(Collected data):
------------------------------------------------------------------------
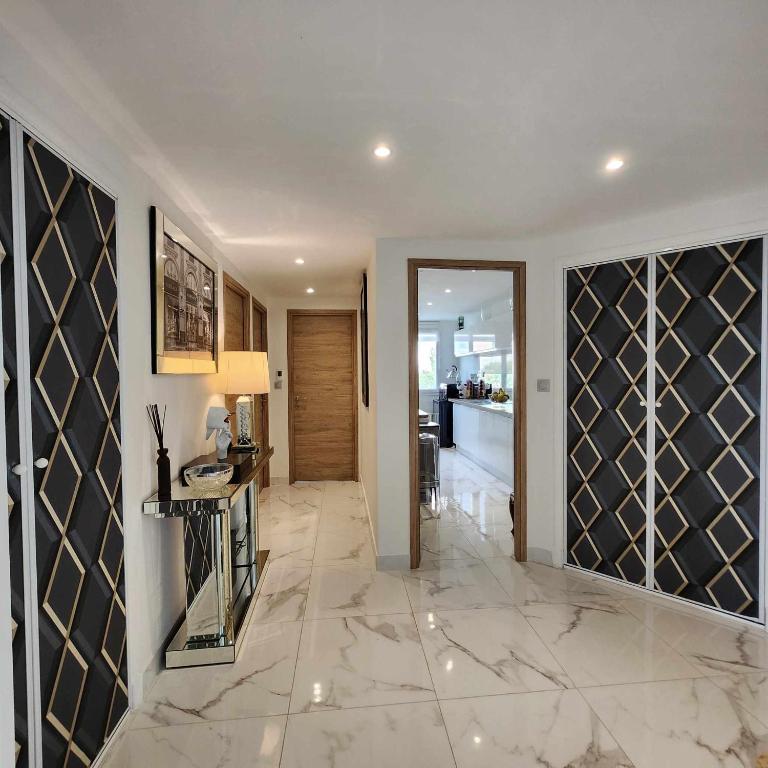 Victoria - Dr Picaud - 3 Pieces avec climatisation - 5 min des Plages - Appartement 2 Chambres - 6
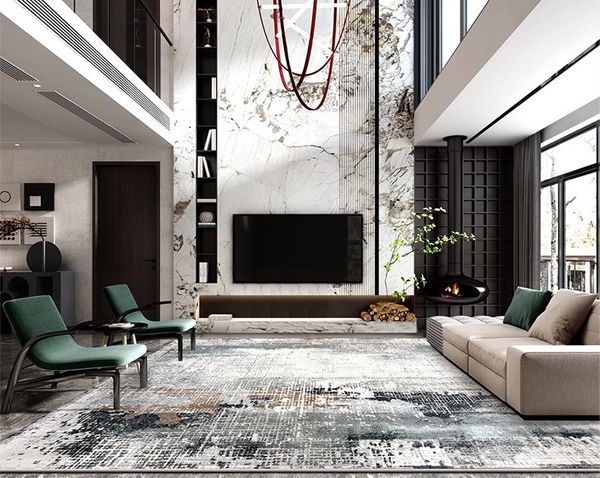 NORDIC PRESTIGE - OUTRE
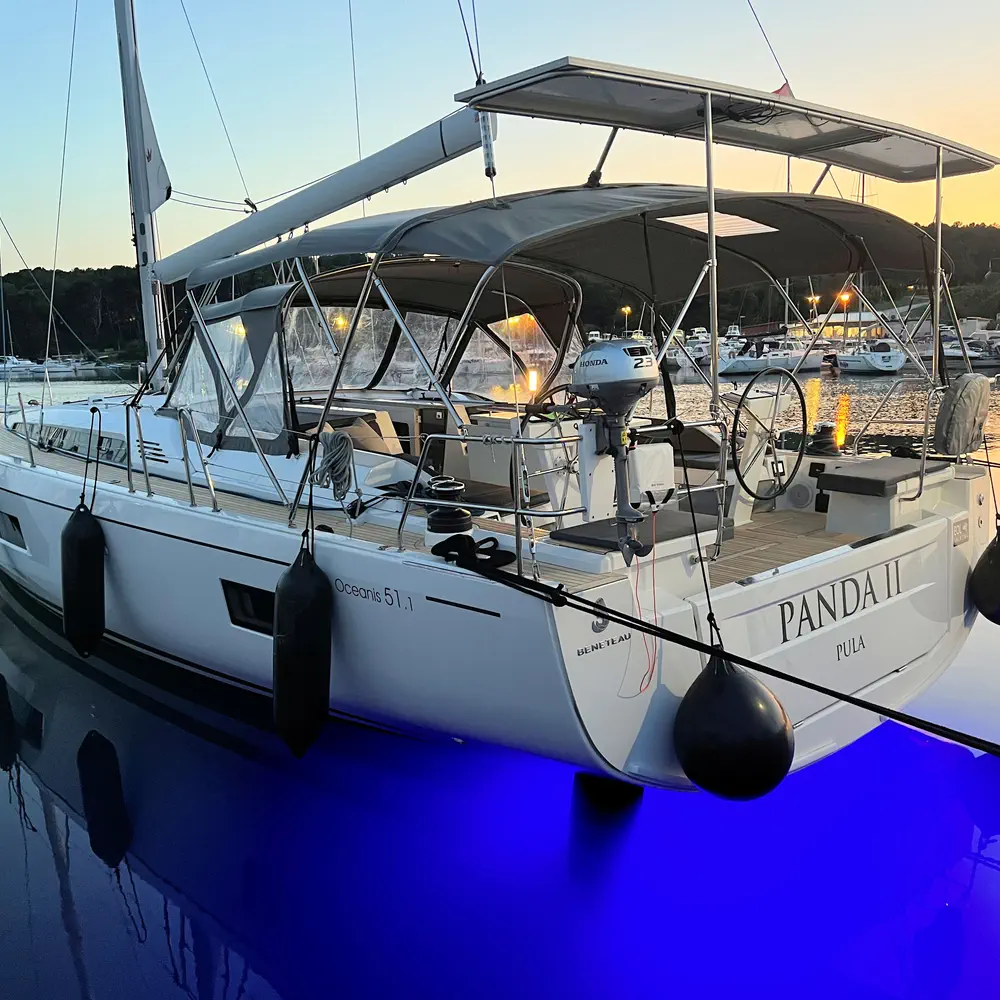 Panda II 42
------------------------------------------------------------------------
(Aim of the exercise): Leave the images out and transcribe the rest of the material exactly.

(Solution to this problem):
 Victoria - Dr Picaud - 3 Pieces avec climatisation - 5 min des Plages - Appartement 2 Chambres - 6
 NORDIC PRESTIGE - OUTRE
 Panda II 42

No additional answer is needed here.